Work to be completed:
Would you please return the lines of the entries below starting at the line that has "Boğaziçi Üniversitesi İslam" and ending at the line that has "Shop Brochu Walker", both included, exactly as they are?

Given data:
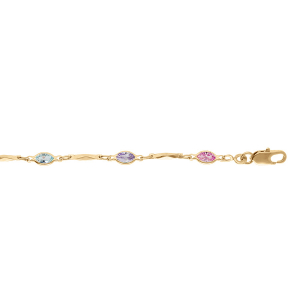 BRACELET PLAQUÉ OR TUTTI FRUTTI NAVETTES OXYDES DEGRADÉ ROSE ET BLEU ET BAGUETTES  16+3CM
---
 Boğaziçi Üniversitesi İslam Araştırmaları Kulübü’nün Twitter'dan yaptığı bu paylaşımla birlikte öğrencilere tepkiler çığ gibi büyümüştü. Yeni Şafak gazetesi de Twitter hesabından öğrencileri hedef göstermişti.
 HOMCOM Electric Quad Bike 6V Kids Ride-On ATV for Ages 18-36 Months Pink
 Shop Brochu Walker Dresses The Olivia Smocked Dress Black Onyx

Answer:
 Boğaziçi Üniversitesi İslam Araştırmaları Kulübü’nün Twitter'dan yaptığı bu paylaşımla birlikte öğrencilere tepkiler çığ gibi büyümüştü. Yeni Şafak gazetesi de Twitter hesabından öğrencileri hedef göstermişti.
 HOMCOM Electric Quad Bike 6V Kids Ride-On ATV for Ages 18-36 Months Pink
 Shop Brochu Walker Dresses The Olivia Smocked Dress Black Onyx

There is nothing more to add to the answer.